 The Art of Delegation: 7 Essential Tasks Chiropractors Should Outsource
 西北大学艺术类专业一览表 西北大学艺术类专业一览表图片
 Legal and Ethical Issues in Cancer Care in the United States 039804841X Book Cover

##########

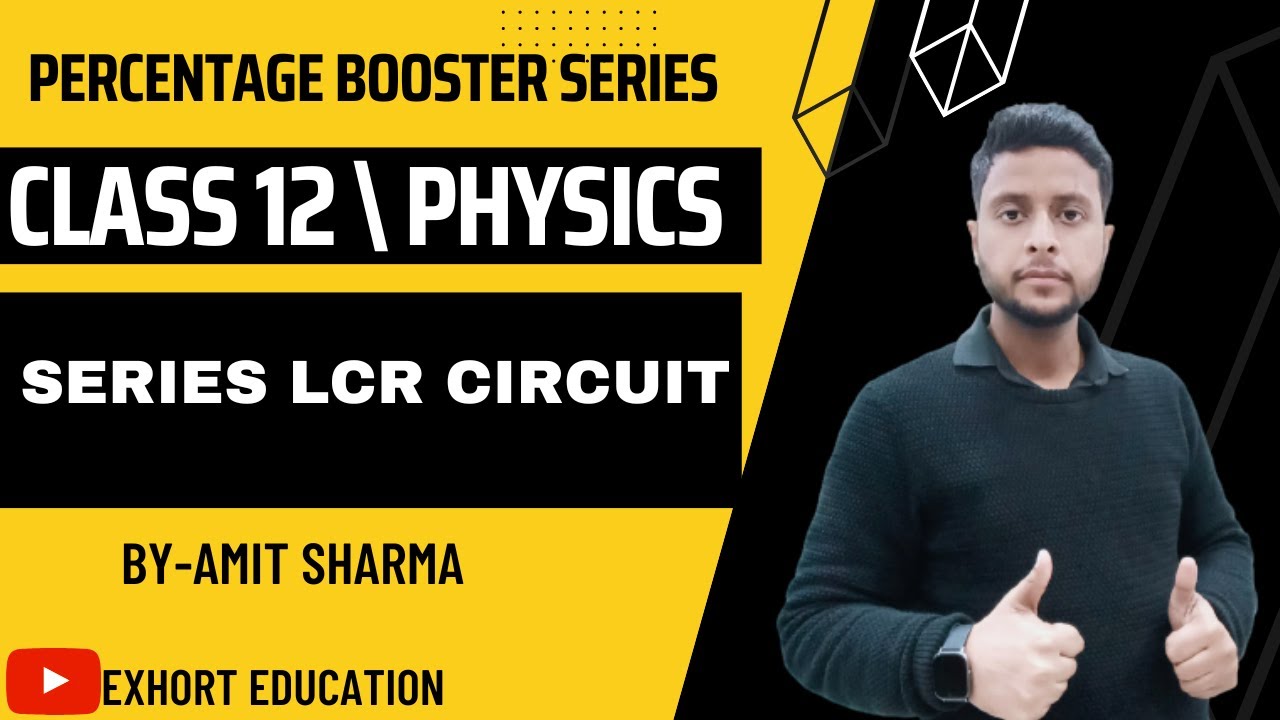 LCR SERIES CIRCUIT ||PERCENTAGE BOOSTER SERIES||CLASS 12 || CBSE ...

##########

> **TASK INSTRUCTIONS**
Where the data above reaches the line holding "The Art of Delegation: 7", begin printing, and stop after the line holding "Legal and Ethical". Each line must be reproduced exactly, with nothing else added.

> **YOUR SOLUTION**
 The Art of Delegation: 7 Essential Tasks Chiropractors Should Outsource
 西北大学艺术类专业一览表 西北大学艺术类专业一览表图片
 Legal and Ethical Issues in Cancer Care in the United States 039804841X Book Cover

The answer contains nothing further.